Coming on the heels of accusations that JPMorgan was gaming the California energy market, the California Independent Systems Operator (ISO) has accused additional companies of manipulating the state’s electricity market. One company is accused of taking in $10.5 million in “excessive gains” since April. Federal rules prevent the ISO from identifying the company.
An ISO is created on the direction of Federal Energy Regulatory Commission (FERC) to oversee the operation of electric power grids across a state or region.
Allegations that JPMorgan manipulated California’s energy market were made public on July 2 in court filings by the FERC. The federal agency is investigating whether the bank’s venture arm, JPMorgan Ventures Energy Corp. (located in Enron’s former home, Houston, Texas), took advantage of the California ISO’s “bid cost recovery” program. Although it does not own any power plants, JPMorgan does hold power contracts allowing it to deal on energy trading markets.
Last April, the FERC also alleged that Barclays PLC manipulated California energy prices between November 2006 and December 2008. Moreover, in March, the FERC fined Constellation Energy $245 million on charges of energy market manipulation.
As a measure of the pervasive and international character of the fraudulent financial schemes, this week Deutsche Bank AG’s energy trading unit faces a $1.5 million fine from the FERC for manipulating and submitting false information in relation to the Silver Peak line connecting California and Nevada.
The ISO provides a guaranteed minimum payment to power providers to encourage them to keep their power plants online in case more energy is required. The FERC alleges that JPMorgan gamed the system by placing extremely low bids for providing energy on the day-ahead markets—making it eligible for the bid cost recovery payments—but then charging such high electricity prices on the real-time market that the ISO would never purchase the energy.
In the new case filed by the ISO, it alleges that the unnamed company manipulated the market through the “economic withholding” of power. That is, by deliberately withdrawing energy from the market, the company could then charge excessively high prices.
As this latest allegation came to light, regulators were quick to emphasize that these are isolated cases. “It is not indicative of a broader trend,” argued Jeff McDonald, the ISO’s manager of market analysis and mitigation. “This is really an isolated circumstance.” This is far from the case.
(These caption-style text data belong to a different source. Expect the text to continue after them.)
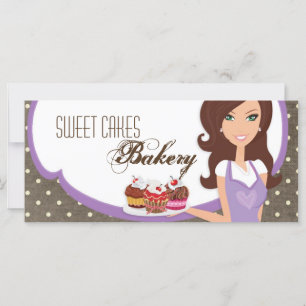 Carte Certificat cadeau 4"x9" Brunette Baker Cup Cakes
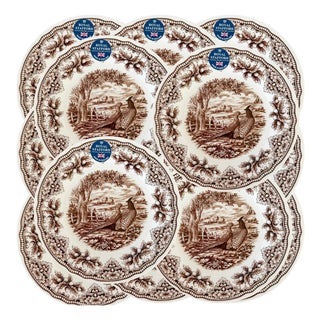 Royal Stafford English Brown Transferware Pheasants & Acorns Thanksgiving Salad Plates - Set of 12 For Sale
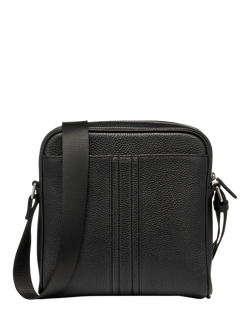 Geox Arnoux Leather Messenger Bag, Black, Black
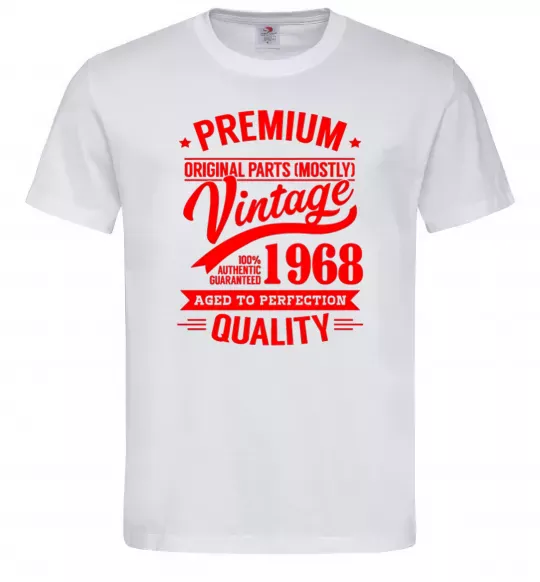 Мужская футболка Premium vintage 1968 Белый фото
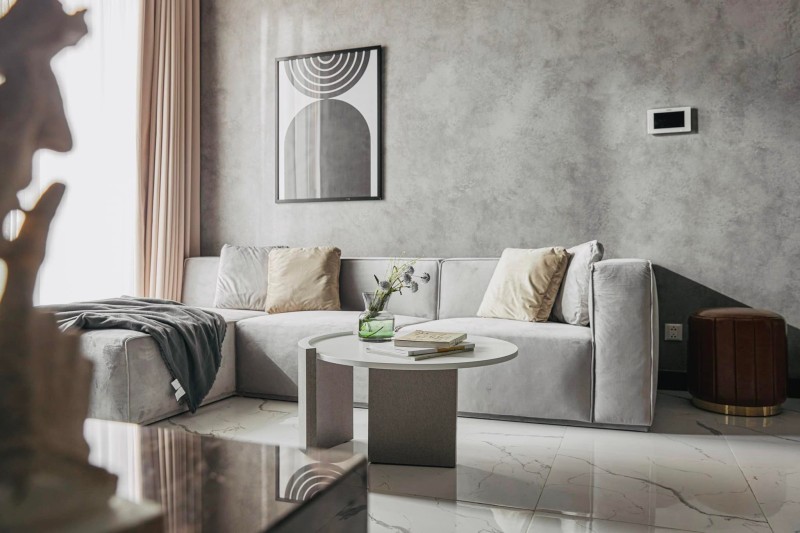 thiết kế ghế sofa và trang trí tường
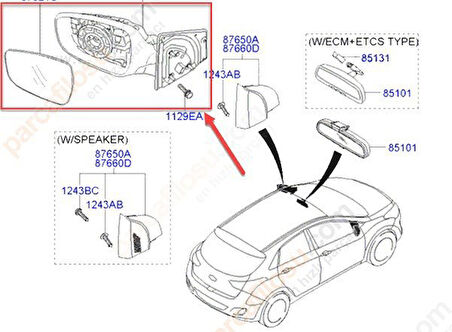 Hyundai İ30 Kapi Aynasi Sağ (2011-2016) 1.6, 1.6 GDI, 1.6 CRDI 87620A6060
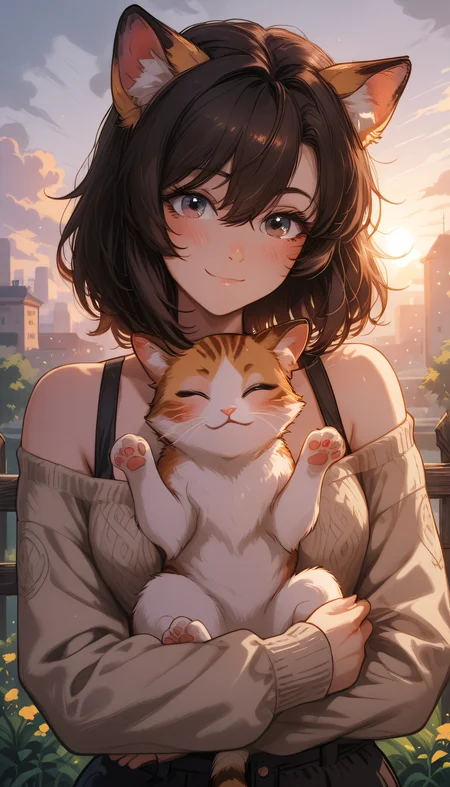 masterpiece,
perfect eyes, vivid colors, vibrant colors,
pinkretroanime, retro art, (lineless:1.5), smooth edges,
, In this serene scene, a young woman with dark hair and striking blue eyes is seated on a grassy hillside under a soft, overcast sky. She's holding two orange tabby cats in her arms, their fur a warm glow against the cool tones of the day. Her attire is casual, with a comfortable-looking sweater providing a cozy backdrop to the scene. The woman is looking directly at the camera, her expression one of gentle contentment. The cats are calm and relaxed in her embrace, their heads comfortably resting on her chest as they gaze out into the distance. In the background, there's a tranquil field with patches of wildflowers dotting the landscape. A quaint cottage nestles among the greenery, adding to the idyllic atmosphere. The lighting is soft and diffused, suggesting either early morning or late afternoon when the sun casts a gentle glow on the scene. There's no text visible in the image, and the overall mood conveyed by the image is one of peace and contentment, as if capturing a moment of quiet enjoyment in nature., 1girl, solo, looking at viewer, blush, smile, short hair, bangs, blue eyes, brown hair, black hair, long sleeves, holding, animal ears, hair between eyes, bare shoulders, brown eyes, closed mouth, jacket, closed eyes, upper body, outdoors, sky, day, cloud, cat ears, medium hair, off shoulder, blurry, sweater, sketch, animal ear fluff, head tilt, sleeves past wrists, hug, :3, depth of field, blurry background, animal, sunlight, cat, bob cut, light smile, plant, building, portrait, backlighting, sunset, fence, cityscape, holding animal, brown sweater, off-shoulder sweater, white cat, holding cat, animal hug, cat day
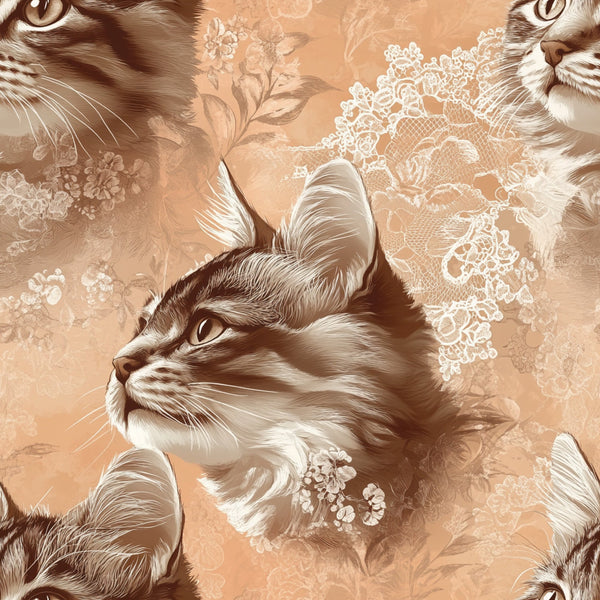 vintage cats, lace patterns,, fabric panel, sepia tones, warm brown, cream colors, tabby cats, floral motifs, ornate lace, realistic cats, nostalgic style, decorative florals, intricate details, soft palette, feline portraits, romantic aesthetic, detailed illustration, crafting fabric, sewing material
The FERC has conducted 11 probes of alleged manipulation since January 2011. It recently reached a record $245 million settlement with Constellation Energy Commodities Group for allegedly manipulating energy markets in New York, New England, and Ontario. The agency is also investigating Deutsche Bank AG.
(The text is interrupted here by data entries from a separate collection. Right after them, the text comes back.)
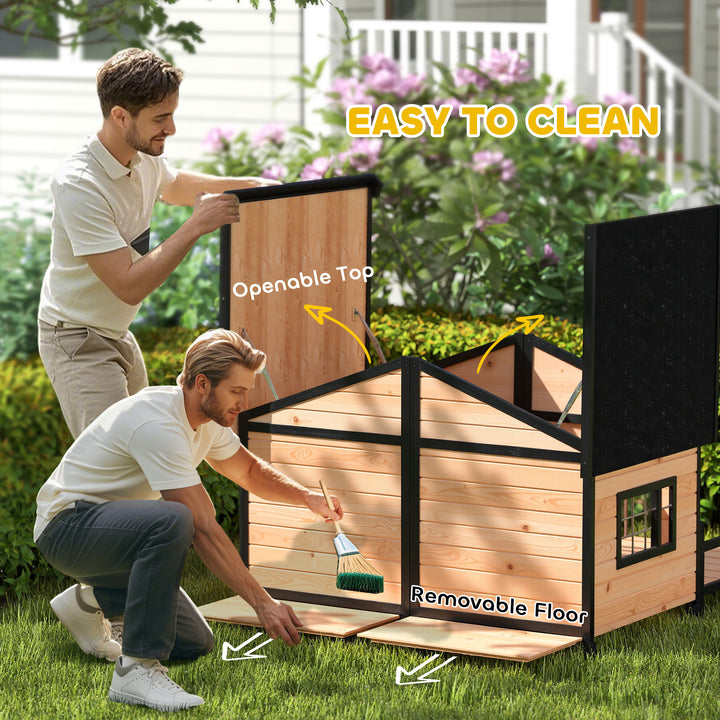 PawHut All-Weather Elevated Wood Cabin Dog House with Porch Deck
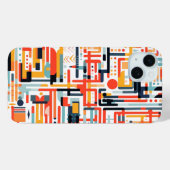 白のドットとロッドのパターン Case-Mate iPhoneケース (裏面 (横))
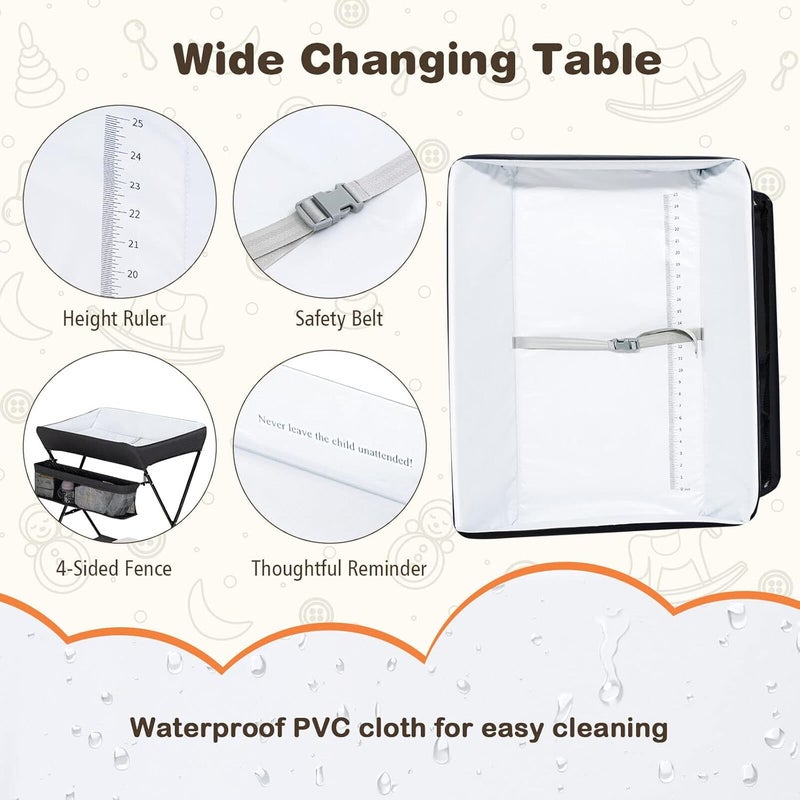 GLACER Baby Changing Table Portable Diaper Changing Station with Large Storage Basket  Shelf Waterproof Surface Non Slip Foot Covers Mobile Foldable Nursery Organizer for Infant Black - Image 3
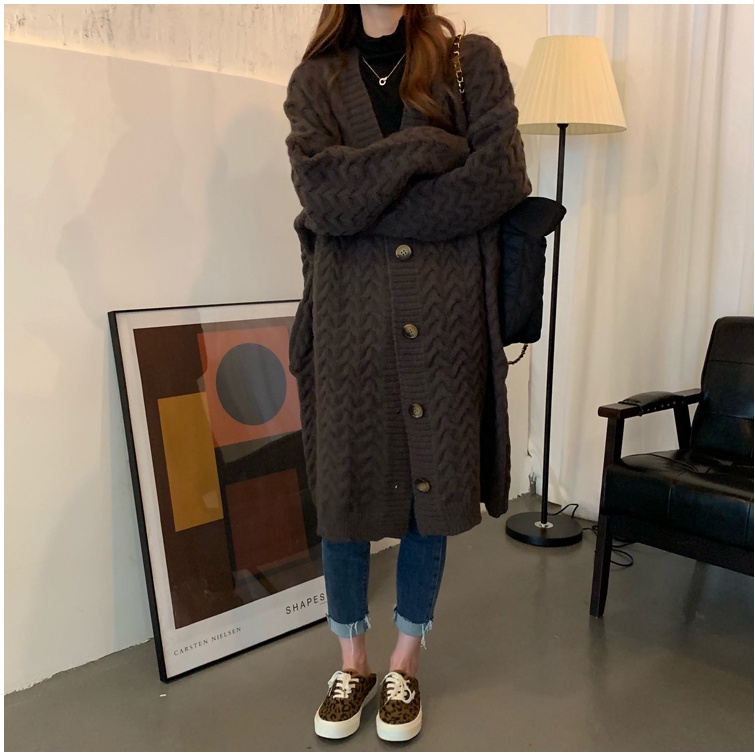 Áo Khoác Cardigan Dệt Kim Dáng Rộng Phong Cách Hàn Quốc Thời Trang Thu Đông Mới Cho Nữ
In January, the FERC charged three Maine companies—Lincoln Paper & Tissue, the Rumford Paper Co., Competitive Energy Services, and energy consultant Richard Silkman—with defrauding a regional program intended to promote energy conservation to the tune of $3.4 million.
The Day-Ahead Load Reduction Program of the ISO-New England was designed to promote energy conservation. When demand on the grid is high, the ISO has an agreement with particular end-users that they will decrease their energy consumption in exchange for a fee. These “demand-response” participants pledge a day ahead to reduce wattage if needed.
To determine whether demand-response participants have actually reduced their power consumption, the ISO examines the energy records of the company over the course of a week to establish an energy baseline. The Maine companies allegedly increased their power consumption during the week that the ISO identified the baseline, then shifted back to their regular energy use making it appear to the ISO that they had cut back their energy and were therefore eligible for demand-response payments.
Constellation NewEnergy, whose parent company is Constellation Energy, acted as the middleman between the ISO and the Maine firms during the period of alleged fraud, although the FERC denies that the company was aware of the fraudulent practices.
At a recent meeting this summer at the Platts Energy Podium in Washington, FERC chairman Jon Wellinghoff emphasized the non-partisan nature of the body. “I think most of us leave any partisan affiliation at the door. Any change in administration is not going to have any impact. Both Republicans and Democrats agree, I think, that markets are good…and they are better when they are more efficient.”
Indeed, whether Republicans or Democrats are elected next November, energy production will remain driven by corporate profits rather than the social needs of the working class. Such a motive is at the root of decades of privatizations, a policy pursued unequivocally by both big business parties in every sector of the economy with catastrophic consequences for the vast majority of the working population.